A very chilly christmas répond au besoin de respiration dans une période anxiogène. « J’ai fini l’album fin 2019 et personne n’aurait pu alors imaginer ce qui se passerait: Je voulais faire un album de Noël avec des versions plus mélancoliques et plus intimes de chansons connues et oui, ça peut bien coller au Noël qu’on va vivre », concède le Canadien globe-trotter, aujourd’hui installé à Cologne en Allemagne après avoir longtemps vécu à Paris.

Ce bel opus est quasi-instrumental – piano saupoudré de quelques arrangements de cordes – à l’exception de trois morceaux où la Canadienne Feist et Jarvis Cocker viennent poser leur voix, séparément ou ensemble.

Cocker et Gonzales, c’est une longue histoire, souvent cocasse. En 2002, Pulp avait invité le Canadien à ouvrir un show en Cornouailles. Après le concert, Gonzales, en mode rock’n’roll, ravage sa loge et tague le tour-bus de Pulp. « Oui, cela aurait pu marquer la fin de toute relation entre nous… Mais heureusement, c’était le dernier show avant que je ne me marie, donc j’avais évidemment d’autres problèmes à gérer… », s’était souvenu Cocker, flegmatique, dans les Inrocks en 2017.

Pas d’entertainment !

A very chilly christmas (qui sort ce vendredi chez Gentle Threat/Pias) est une nouvelle pièce inattendue mais raccord dans le catalogue de son auteur. Apparu en trublion d’un hip-hop bricolé, un peu crade, au début des années 2000 aux côtés de sa compatriote Peaches, Chilly Gonzales s’est ensuite mué en compositeur délicat au piano – interprété en robe de chambre dans des sessions d’anthologie – et fut même édité par Deutsche Grammophon, vénérable institution dans le classique.
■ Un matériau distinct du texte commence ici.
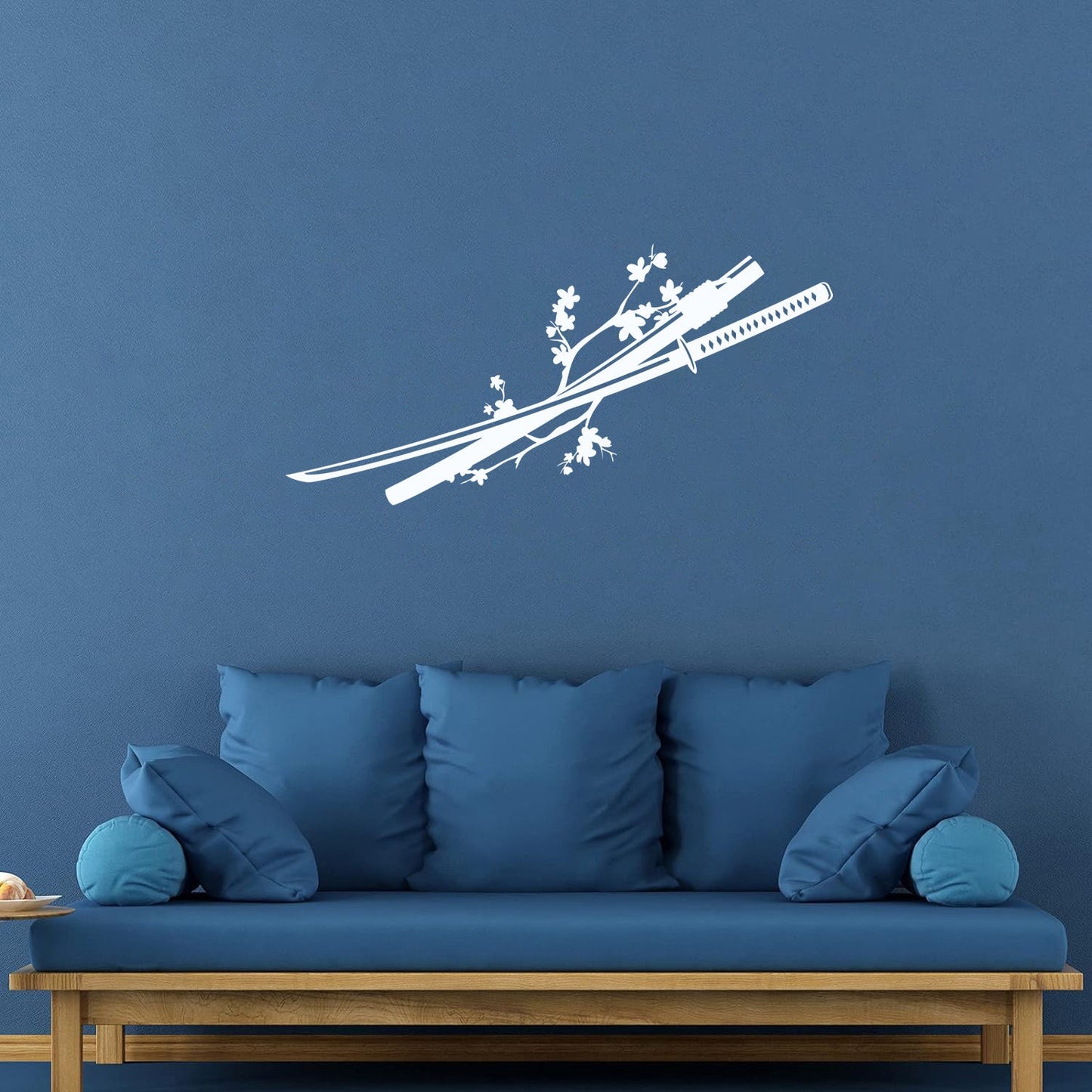 Asian Japanese Catana Sword Sakura Branch Flowers Wall Decals Pvc Window Decals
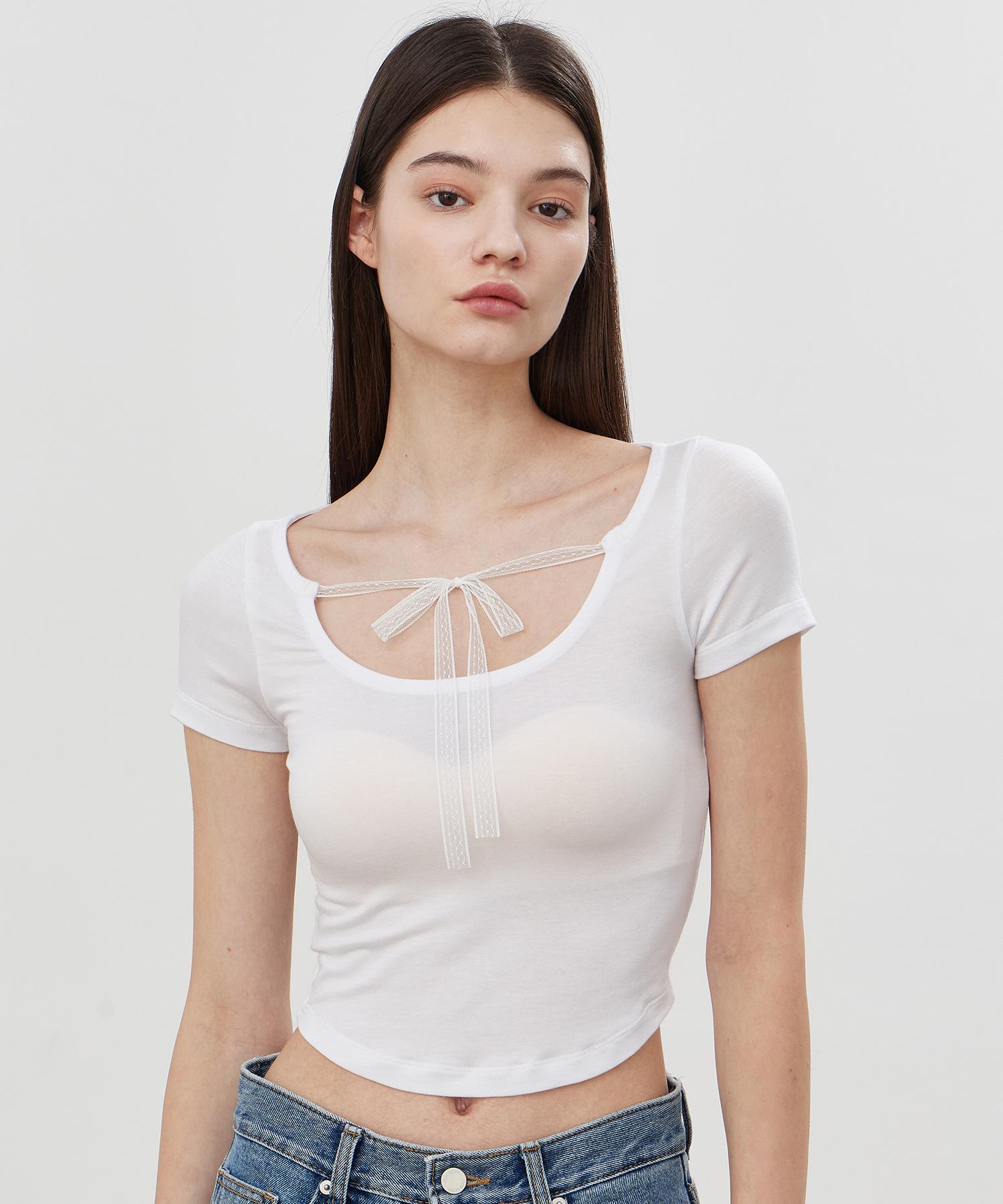 Itove Seoul Ribbon Cutout Short Sleeve Tee Wh Free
Il se démarque évidemment de ces « albums de Noël faits par de gros entertainers, des albums un peu cyniques, vite faits, pas très jolis ». Et de plaquer sa grille de lecture : « Jouer au piano réduit la musique à sa version atomique (à un atome, ndlr). Certains morceaux ne passent pas le test, car on se rend compte que leur succès est lié à leur production (effets ajoutés en studio, ndlr) ou à la personnalité ou à la voix de la chanteuse, du chanteur ».

Chanson « Noëlisée »

Sous ses doigts « Last christmas » de Wham! – duo qui révéla George Michael – et « All I want for christmas (is you) » de Mariah Carey prennent de belles couleurs boisées. Et des standards au pied du sapin comme « Silent night » (« Douce nuit ») ont des accents classique à la Frédéric Chopin ou jazz à la Bill Evans.

Et puis surgissent les superbes morceaux habités par Feist et Jarvis Cocker. La première signe « The banister bough », seule composition originale de l’album: « Elle raconte une tradition qu’elle a inventée, ne pas tuer un sapin tous les ans, c’est un message assez 2020, écologique », se réjouit Gonzales.

« Jarvis, lui, a choisi une chanson très indie rock (Snow is falling in Manhattan des Purple Mountains, du regretté David Berman), chanson souvent jouée à la guitare sèche par des gens qui ne se lavent pas la barbe – avec du lait d’avoine dedans (rires) – mais Jarvis a compris que cette chanson avait un potentiel pour être Noëlisée ».